(Crawled caption data)
........

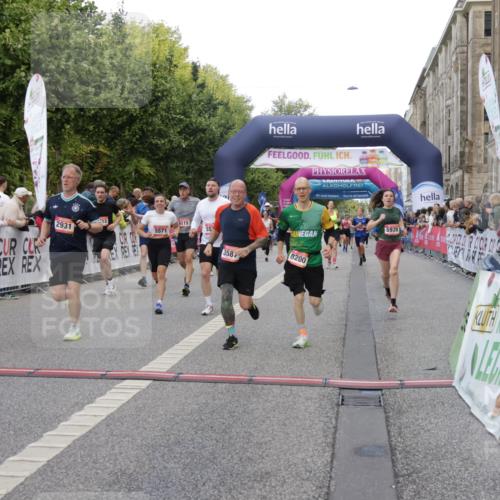 06.09.2026 - CURREX Alsterlauf Yannick Fuchs http://msf.ph/oto/10187451 06.09.2026 09:56:58 Ziel 2236, 2931, 3050, 3587, 3609, 3689, 3712, 3795, 4014, 4126, 4717, 4740, 5571, 5575, 5719, 5939, 6055, 6115, 8200 meine-sportfotos.de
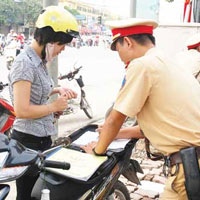 Tin tức trong ngày - Hà Nội lắp ATM thu tiền nộp phạt vi phạm GT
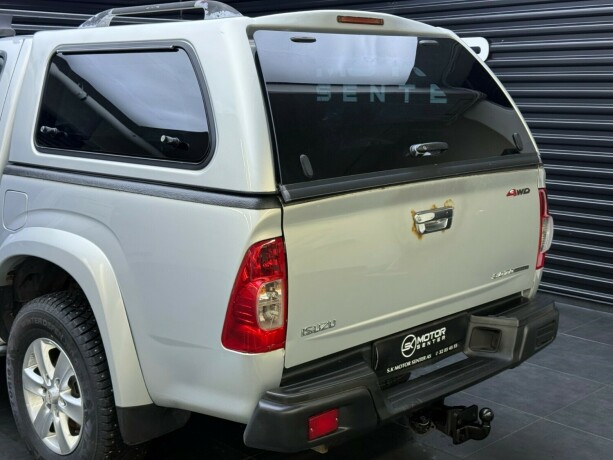 isuzu-d-max-diesel-2011-big-6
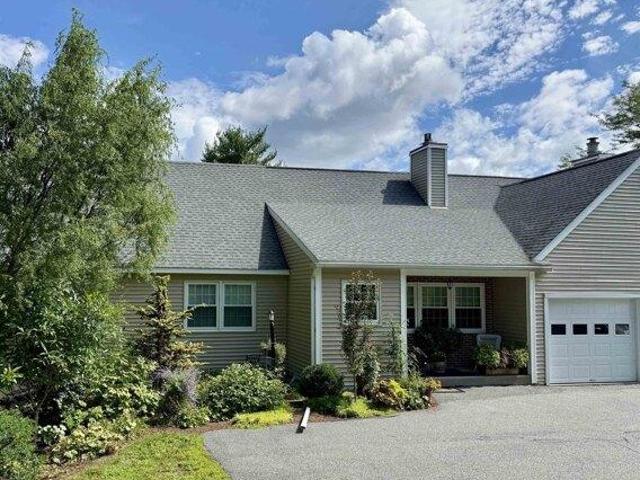 Condo for sale in Pinewood Village, Lebanon
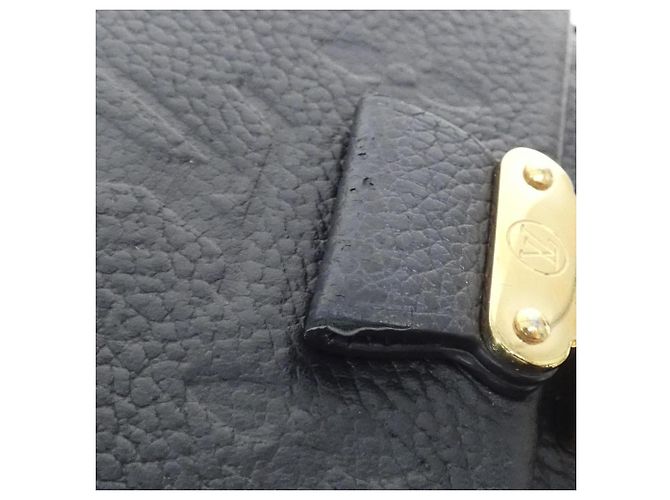 Carteira Louis Vuitton Monogram Empreinte Métis Compact Preto - vista 4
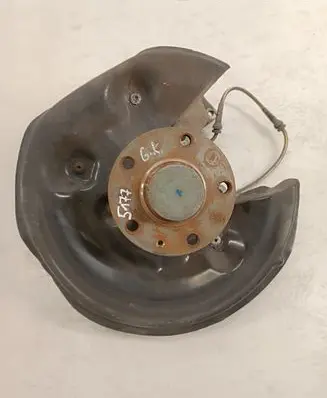 Volkswagen PASSAT B7 Rear wheel hub NOCODE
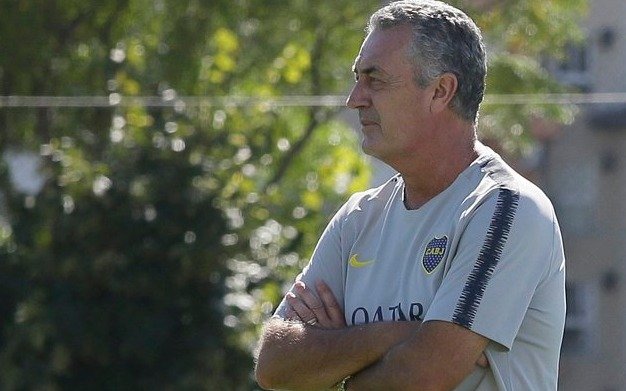 Alfaro confirmó a Tevez como titular para enfrentar a Atlético Tucumán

........

- Work to complete
The reply must match the records exactly, apart from the pictures, which are left out.

- Solution to this exercise
 06.09.2026 - CURREX Alsterlauf Yannick Fuchs http://msf.ph/oto/10187451 06.09.2026 09:56:58 Ziel 2236, 2931, 3050, 3587, 3609, 3689, 3712, 3795, 4014, 4126, 4717, 4740, 5571, 5575, 5719, 5939, 6055, 6115, 8200 meine-sportfotos.de
 Tin tức trong ngày - Hà Nội lắp ATM thu tiền nộp phạt vi phạm GT
 isuzu-d-max-diesel-2011-big-6
 Condo for sale in Pinewood Village, Lebanon
 Carteira Louis Vuitton Monogram Empreinte Métis Compact Preto - vista 4
 Volkswagen PASSAT B7 Rear wheel hub NOCODE
 Alfaro confirmó a Tevez como titular para enfrentar a Atlético Tucumán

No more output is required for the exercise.